Ecosystem Changes (aka General Equilibrium Effects)#

One of the biggest challenges around scaling is that experiments may induce changes in the behavior of the individual users in an experiment, but they are unlikely to cause changes in the broader ecosystem of users who might respond to a full-scale change in a product. For example, an experiment that changes how product listings appear for a few hundred customers on Amazon won’t change what types of products sellers list on Amazon. But, if Amazon changed how product listings appear for all users on Amazon, you can be certain sellers would respond by changing what they sell and how they sell it. Similarly, a change in the TikTok algorithm rolled out to 1% of users won’t impact the kind of videos creators make, but global changes in the algorithm will absolutely change how creators design their content.

Economists refer to these kinds of second-order changes in behavior as “general equilibrium effects” (as distinct from “partial equilibrium effects,” which refers to the direct effect of a change in a system). Once you start to look for them, you see them everywhere.

The magnitude of general equilibrium effects will usually vary with the size of the initial stimulus, which is why experiments tend to underestimate the general equilibrium effects that emerge during full-scale rollouts. But ecosystem changes also take time, meaning that experiments run for days or weeks will tend to underestimate general equilibrium effects — another example of how the distinction between “time effects” and “scale effects” can sometimes be a little blurry.

The problems of experiments, external validity, and general equilibrium effects are not unique to e-commerce or tech platforms. To illustrate, consider the case of a public health experiment in Rajasthan, India.[2] India’s public health care system operates under a universal healthcare model – every household is close to a free (or nearly free) government facility, and on average, households are within two kilometers to the nearest clinic. However, absenteeism is a major problem in government medical facilities in Rajasthan, leading to the dependence upon expensive private practitioners instead. So, in cooperation with the health officials and a nongovernmental organization (NGO), a set of researchers designed an experiment in which the NGO setup timeclocks to monitor attendance of midwife nurses at rural government clinics. The government then used the data to apply fines and punishments to nurses’ wages if they failed to show up at the clinic. During the first six months of the study, the experiment proved to be a huge success, with attendance nearly doubling.

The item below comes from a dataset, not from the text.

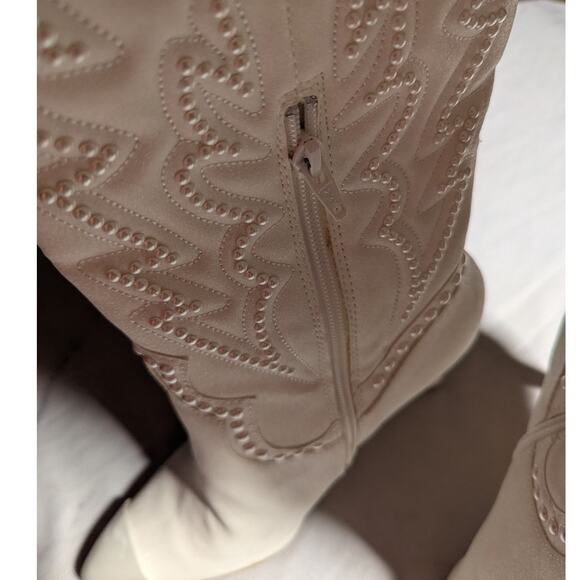 Gianni Bini Katerina White Over the Knee Pearl Bridal Stiletto Cowboy Boots 9.5 - Picture 5 of 9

But in a follow-up conducted 16 months later, the authors discovered that “general equilibrium effects” had come into play, and nurses dissatisfied with fines had managed to mobilize against the system. In the authors’ words, “After the first 6 months, however, the local health administration deliberately undermined the incentive system. The result was that, 16 months after program inception, there was no difference between the absence rates in treatment and comparison centers; both were extremely high (over 60%).”[3]

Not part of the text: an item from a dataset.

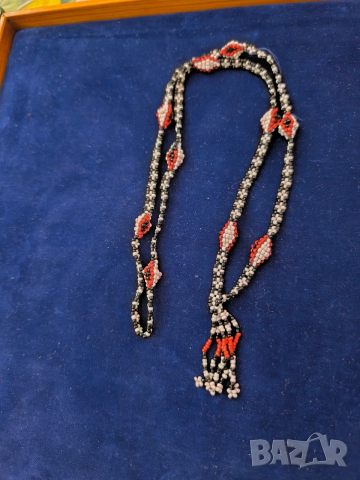 две старинни колиета от мъниста синци за народна носия, снимка 4 - Антикварни и старинни предмети - 53146949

In this case, of course, we know about the general equilibrium effect because the experiment was relatively large — it covered 72 clinics (33 “treated”) serving 135 villages — and was left running for a year and a half. But the main point — that these effects are not at all unique to big tech and are likely to be overlooked by most experiments — still stands.

Wrapping Up#

Experiments are incredible. We have all benefited from lessons learned through medical experiments, and no other research design is as effective at convincing the general public of an intervention’s effectiveness. But they are not the be-all and end-all of answering causal questions. Even when experiments achieve high internal validity through effective randomization and careful management of spillover effects, their results may not generalize. Learning to recognize both the power and the perils of experiments is an important part of being a thoughtful data scientist, and hopefully the basic typology of common external validity concerns presented here will help you on that journey.